I haven't had a chance to read Guy Deutscher's book “Through the Language Glass: Why the World Looks Different in Other Languages,” being published this month by Metropolitan Books, but I read a fascinating excerpt in today's The New York Timess' Sunday Magazine.

Deutscher, an honorary research fellow at the School of Languages, Linguistics and Cultures at the University of Manchester, looks at different languages to examine whether they impose different contexts for its speakers. He cites for example how English speakers can be inexact about the gender in the following sentence: A friend came over last night., while in most other languages we would know whether that "friend" was male or female. (Totally unscholarly aside: might the English language ability to obfuscate gender allow us to create nonsensical laws like "Don't Ask, Don't Tell" and influence perceptions of homosexuality around the globe?)

Most languages required the individual to store gender with objects, (although not uniformly: the German bridge is feminine —the Spanish is masculine), whereas others use a mind-expanding geospatial method. Native Americans and indigenous Islanders apparently use N, S, E, W coordinates to relay location, whereas English and European languages use an egocentric method — in front, behind, etc. More interestingly, that "geospatial data" is actually stored in human memory!

Language apparently forces us to store a type of human metadata with every memory that shapes experiences, connotations and denotations. It is easy to infer how publishers providing mashups that rely on multiple types of metadata would enrich the experience to those who may think differently than the way the media originally thought they would.

Sunday, August 22, 2010

6 Things About Unstructured Content You Need to Know

Unstructured data. As a writer I hate that term. I remember the first time I heard reference to it: sitting in a meeting and technical people were talking about all the unstructured content that publishers produce. How could they be speaking about articles as unstructured? If anyone has made it through kindergarten they have learned that they must follow a linguistic pattern or structure in order to communicate effectively. But in the lexicon of geekdom, any article, picture, powerpoint, video, song, user-generated content -- your kids' text messages -- are all: unstructured. Any "data" that does not fit nicely into a column or a row -- is considered unstructured.

Now, as much as I hate the term, there is a logic that places all content that didn't fall neatly into a table to be called unstructured versus structured.

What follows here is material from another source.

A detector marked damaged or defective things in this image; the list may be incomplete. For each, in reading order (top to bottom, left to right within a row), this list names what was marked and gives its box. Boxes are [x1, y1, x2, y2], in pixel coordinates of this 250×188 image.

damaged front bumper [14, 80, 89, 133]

It was evident when classifieds first went online. Dumped from mainframes where customers paid by the character, people created their own short-hand to say 4BR House 4 Sale. Turns out though, that all that unstructure (which I prefer to say as free-form)  makes it very hard to search on. Don't believe me? Go to Craig's List -- which tries to impose structure on advertisements by putting it under broad categories and locations. Other than that -- it is pretty freestyle. Nannies are caregivers are sitters (baby or otherwise) -- and plural or otherwise. And search on one of those terms at the peril of not finding it under the other.

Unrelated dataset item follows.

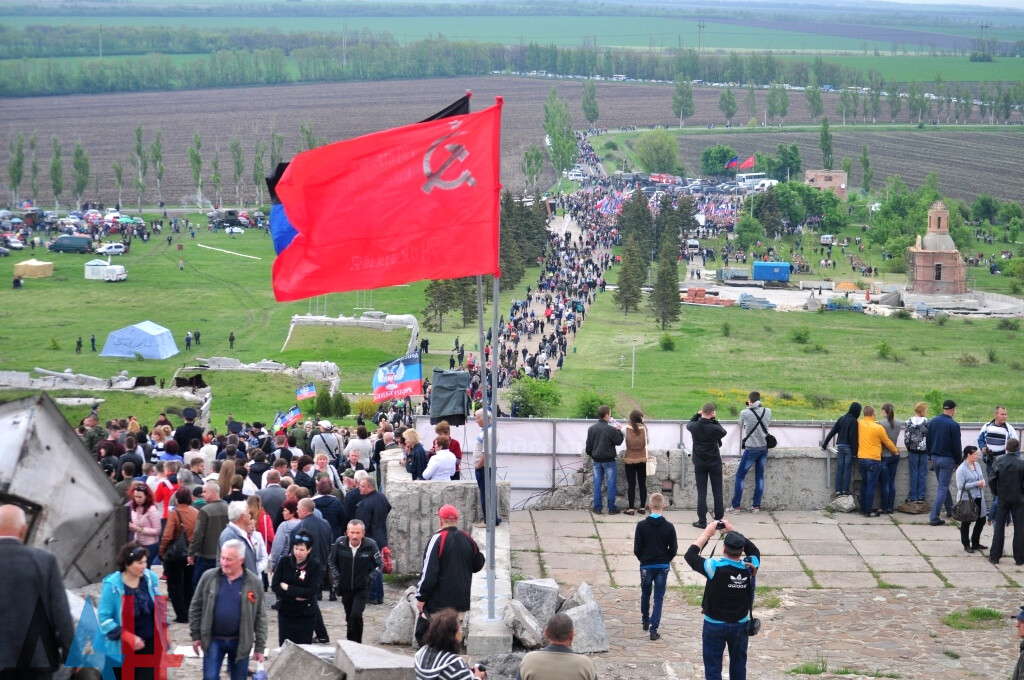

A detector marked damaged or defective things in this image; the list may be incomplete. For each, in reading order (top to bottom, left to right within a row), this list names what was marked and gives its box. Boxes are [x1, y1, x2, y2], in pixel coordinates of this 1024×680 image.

On the flip side are the sites that allow only structure: information fits neatly in a row or a table and has descriptive titles like Type of residence, # of Bedrooms, Siding, Price, MLS # etc. Having that structure makes it easy to query or search on that information. You probably have heard of SQL -- which is the acronym for Structured Query Language. Relational databases use SQL to find content -- by looking in the appropriate fields. Which is all well and good for content like financial information, inventories, human resources stuff. But what about the rest of the content that floats around a corporation? The memos, sales presentations, business plans, schematics, Web sites -- the stuff we sometimes refer to as: Knowledge - and which in geekdom is called unstructured content, are the digital assets we need to carefully manage.

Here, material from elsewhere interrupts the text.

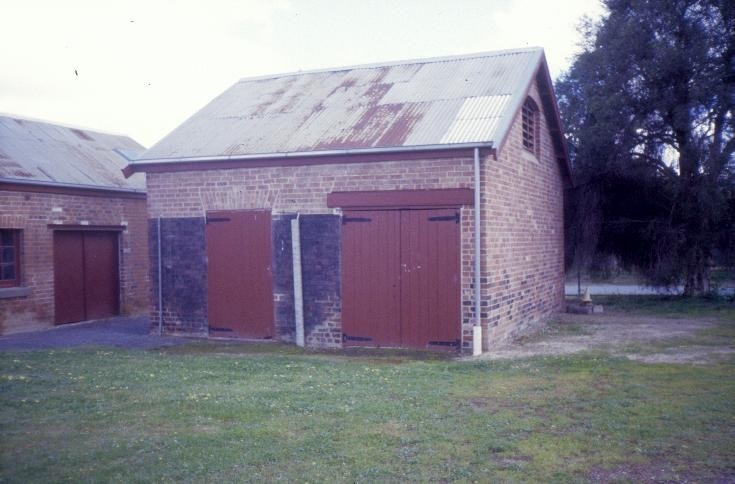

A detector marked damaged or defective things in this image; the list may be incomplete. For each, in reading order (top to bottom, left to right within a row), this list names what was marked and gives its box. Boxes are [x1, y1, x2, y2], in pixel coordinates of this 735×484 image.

rusty roof [0, 116, 147, 191]
rusty roof [138, 48, 556, 164]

So here's 6 Things You Need to Know About Unstructured Content.
  1. It's everywhere. Analysts, pundits and people in the know estimate that more than 80% of content produced in an enterprise is unstructured
  2. Content is containerized. Unstructured content resides in containers like .doc, .ppt, .tiff -- and you must have the right software application to read or edit it.
  3. Managing unstructured content is hard. Because content resides in containers it is hard to know what it is in each one. 
  4. XML is crucial for reuse and sharing. Sometimes called atomic or neutral format, XML is a language used to transmit content -- without burden of the container. Neutral content can be then "poured" into any template (Word, Web, PDF -- mobile apps!!!) for easier repurposing. If you have unstructured content (and most likely you have lots of it) it should be stored in an XML format.
  5. Good metadata is essential. Once content is in an XML format, enrich it with semantic metadata. This is critical to letting knowledge workers find out what each asset is about
  6. Native XML databases provide agility & efficiencies. Relational databases (RDBMS) are great for organizing and querying structured data -- while XML databases rock for unstructured content. You can make an RDBMS work with XML, but you will lose a lot in database performance (upwards of 30% is estimated by Forrester). ) -- Heck I will use a knife to tighten a screw -- but sometimes I need to go and get the Philips head.
Now let's look briefly at what all this means. You have tons of content that doesn't fit into tables and rows. Storing content in their original containers of powerpoints, word docs and PDFs makes it extraordinarily hard to share and repurpose this content -- since it's hard to search it -- and cutting and pasting becomes the only alternative. And when we are talking about sharing and repurposing, remember all the great mash-up apps that your content might be perfect for -- if only it were in a neutral format.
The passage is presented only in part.